Human Values in a Single Sentence: Moral Presence, Hierarchies, and Transformer Ensembles on the Schwartz Continuum

We study sentence-level detection of the 19 human values in the refined Schwartz continuum in about 74k English sentences from news and political manifestos (ValueEval'24 corpus). Each sentence is annotated with value presence, yielding a binary moral-presence label and a 19-way multi-label task under severe class imbalance. First, we show that moral presence is learnable from single sentences: a DeBERTa-base classifier attains positive-class F1 = 0.74 with calibrated thresholds. Second, we compare direct multi-label value detectors with presence-gated hierarchies under a single 8 GB GPU budget. Under matched compute, presence gating does not improve over direct prediction, indicating that gate recall becomes a bottleneck. Third, we investigate lightweight auxiliary signals - short-range context, LIWC-22 and moral lexica, and topic features - and small ensembles. Our best supervised configuration, a soft-voting ensemble of DeBERTa-based models enriched with such signals, reaches macro-F1 = 0.332 on the 19 values, improving over the best previous English-only baseline on this corpus (macro-F1 $\approx$ 0.28). We additionally benchmark 7-9B instruction-tuned LLMs (Gemma 2 9B, Llama 3.1 8B, Mistral 8B, Qwen 2.5 7B) in zero-/few-shot and QLoRA setups, and find that they lag behind the supervised ensemble under the same hardware constraint. Overall, our results provide empirical guidance for building compute-efficient, value-aware NLP models under realistic GPU budgets.

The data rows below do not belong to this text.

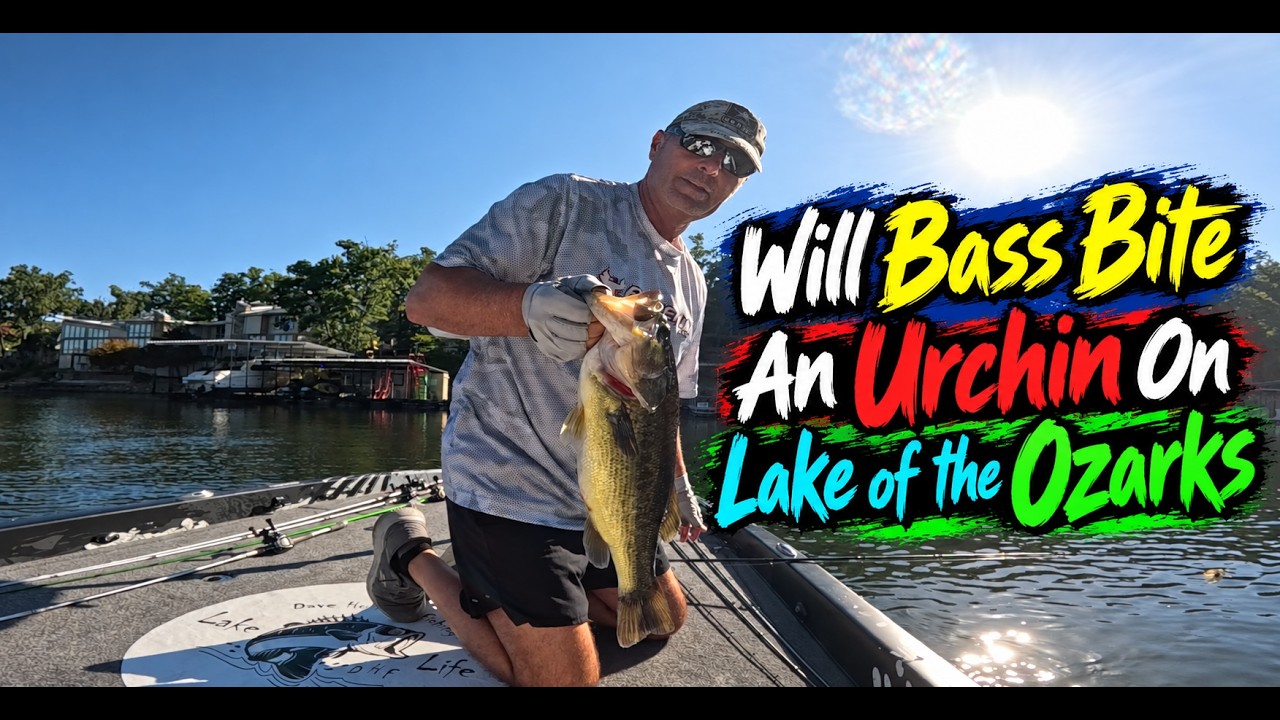 Will Bass Bite an Urchin Bait on Lake of the Ozarks?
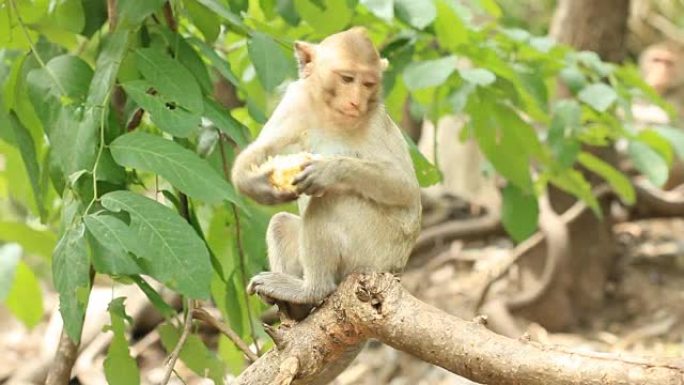 猴子在树上吃玉米小动物觅食栖息地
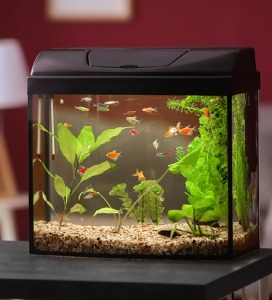 Aquariums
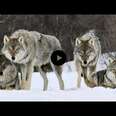 They Didn't Expect A Pack Of Wolves To Do THIS. What Happens Shocked Everyone.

翻译：本研究基于约74,000条来自新闻和政治宣言的英文句子（ValueEval'24语料库），在细化的施瓦茨连续统上对19种普世价值观进行句子级检测。每个句子均标注了价值存在性，由此产生二元道德存在性标签，并构成一个存在严重类别不平衡的19类多标签任务。首先，我们证明道德存在性可从单句中学习：基于DeBERTa-base的分类器通过校准阈值实现了正类F1=0.74。其次，在单张8GB GPU的算力约束下，我们比较了直接多标签价值检测器与存在性门控层级模型。在同等计算条件下，存在性门控未能超越直接预测，表明门控召回率成为性能瓶颈。第三，我们研究了轻量级辅助信号——短程上下文、LIWC-22与道德词典、主题特征——以及小型集成方法。我们最优的监督配置方案是：基于DeBERTa的模型通过软投票集成并融合上述信号，在19类价值观上达到宏观F1=0.332，较此前该语料库上最优的纯英文基线（宏观F1 $\approx$ 0.28）有所提升。此外，我们在零样本/少样本及QLoRA设置下对7-9B指令微调大语言模型（Gemma 2 9B、Llama 3.1 8B、Mistral 8B、Qwen 2.5 7B）进行基准测试，发现其在相同硬件约束下均落后于监督集成模型。总体而言，我们的研究结果为在现实GPU算力限制下构建计算高效、价值感知的自然语言处理模型提供了实证指导。